Mudbound ★★★½


This is by far the most cinematic Netflix release to date. It is expansive in scope and captures the grand sweep of history and the slow, grinding wheels of social progress in a very understated and restrained fashion (perhaps too understated and restrained, as the main flaw of it is that it feels a bit bloodless, a bit lacking in passion).

There is a pervading sadness to this from the very beginning (which perhaps is also in the book- I havent read it), looking at the lives of two families, a white one who own a plantation in the Mississippi Delta in the 1940s, and the poor black one who live on and work the land.

From the outset, the film has all the trappings of a handsome prestige Oscar bait picture, but in a good way due to the aforementioned restraint which enables a certain lyricism to eventually come to the fore. It features a very interesting use of narrating voiceover, turning it into the inner monologue of most of the key characters each taking the baton from the other. This isn’t employed as a portal into the mind of the various characters offering glib emotional insight but, rather, offers musings on life, love, the world, religion, family, economics and conflict.

There is also some sterling understated (that word again!) work by the DP which helps keep the whole enterprise grounded, as well as sterling work by the cast, and especially (and unexpectedly) by Mary J Blige who is unrecognisable as the mother in the black aforementioned family, the most perceptive of all the characters being the only one who can see the shifting of societal sands.

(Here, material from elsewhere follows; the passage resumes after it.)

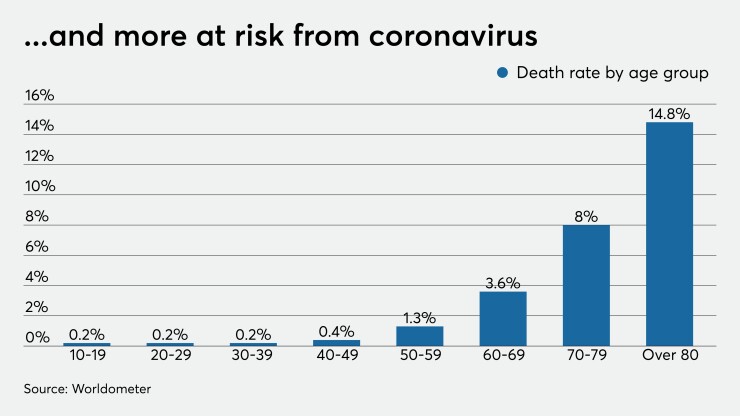 CUJ-031920-DEATHRATE (1).jpeg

She gives a stripped-back performance that is quietly inpressive, imbuing with soulfulness what could very easily have ended up as merely a stock “strong” matriarch character (as this is precisely how the character is written).

The material is worked slowly and the film is necessarily “long”, and for all its abovementioned positives it sometimes does feel a bit staid and boring but the ending, despite its sheer predictability packs a real emotional punch.

Ive never seen anything by Rees prior to this, but on the strength of it she announces herself as a talent to be reckoned with.